START DATA SECTION
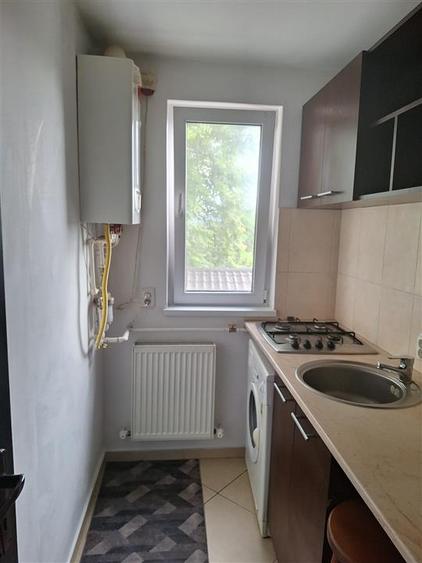 Apartament cu 1 camera COPOU- UNIVERSITATE CUZA - 430 EURO - 9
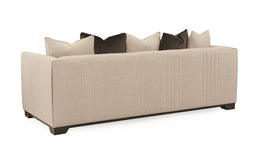 Moderne Sofa - Bourbon Glaze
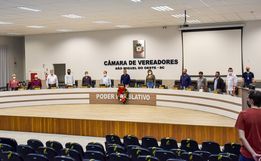 Câmara aprova projeto que tira poderes deliberativos do Cotrasmo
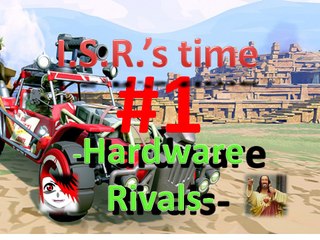 HARDWARE RIVALS - Funny moments #1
END DATA SECTION
◆ WORK ITEM:
Would you transcribe all of the data exactly, apart from its pictures?

◆ RESPONSE AREA:
 Apartament cu 1 camera COPOU- UNIVERSITATE CUZA - 430 EURO - 9
 Moderne Sofa - Bourbon Glaze
 Câmara aprova projeto que tira poderes deliberativos do Cotrasmo
 HARDWARE RIVALS - Funny moments #1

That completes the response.